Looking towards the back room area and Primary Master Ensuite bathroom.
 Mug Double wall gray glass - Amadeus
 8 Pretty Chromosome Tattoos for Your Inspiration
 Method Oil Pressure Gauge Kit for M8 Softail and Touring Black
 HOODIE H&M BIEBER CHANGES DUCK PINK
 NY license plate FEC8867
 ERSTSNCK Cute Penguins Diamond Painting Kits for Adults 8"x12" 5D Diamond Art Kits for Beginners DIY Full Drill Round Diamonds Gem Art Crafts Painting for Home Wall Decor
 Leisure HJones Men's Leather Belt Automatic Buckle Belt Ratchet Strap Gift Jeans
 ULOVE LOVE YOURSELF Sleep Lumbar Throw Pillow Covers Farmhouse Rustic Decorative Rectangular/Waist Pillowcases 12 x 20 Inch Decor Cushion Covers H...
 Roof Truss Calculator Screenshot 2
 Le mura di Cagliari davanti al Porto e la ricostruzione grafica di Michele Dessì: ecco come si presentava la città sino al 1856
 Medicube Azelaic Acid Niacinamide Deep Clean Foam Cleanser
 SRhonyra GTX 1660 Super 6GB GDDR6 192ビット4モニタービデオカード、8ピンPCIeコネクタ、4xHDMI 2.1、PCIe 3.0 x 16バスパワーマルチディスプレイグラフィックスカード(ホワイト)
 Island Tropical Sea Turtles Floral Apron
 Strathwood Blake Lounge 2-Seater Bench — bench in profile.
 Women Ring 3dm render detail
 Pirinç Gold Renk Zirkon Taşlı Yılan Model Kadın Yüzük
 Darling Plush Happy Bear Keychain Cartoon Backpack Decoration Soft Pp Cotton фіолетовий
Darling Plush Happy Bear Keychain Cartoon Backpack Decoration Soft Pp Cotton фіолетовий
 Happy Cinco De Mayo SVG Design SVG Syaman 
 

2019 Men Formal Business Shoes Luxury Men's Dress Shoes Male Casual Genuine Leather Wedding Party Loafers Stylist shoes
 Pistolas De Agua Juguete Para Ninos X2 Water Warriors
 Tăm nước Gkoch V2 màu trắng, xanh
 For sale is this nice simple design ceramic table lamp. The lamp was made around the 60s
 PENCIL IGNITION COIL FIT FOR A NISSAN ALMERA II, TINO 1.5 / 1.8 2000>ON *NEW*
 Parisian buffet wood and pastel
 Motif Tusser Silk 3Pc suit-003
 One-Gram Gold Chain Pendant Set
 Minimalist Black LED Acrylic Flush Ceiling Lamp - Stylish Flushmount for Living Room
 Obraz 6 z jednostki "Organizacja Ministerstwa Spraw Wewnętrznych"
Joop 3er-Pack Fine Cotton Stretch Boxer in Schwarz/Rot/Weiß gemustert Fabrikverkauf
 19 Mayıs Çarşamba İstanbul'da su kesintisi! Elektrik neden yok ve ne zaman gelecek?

(Directions for this task):
Search the data above for the word "фіолетовий" and report how many lines contain it, with nothing further.

(Worked solution):
2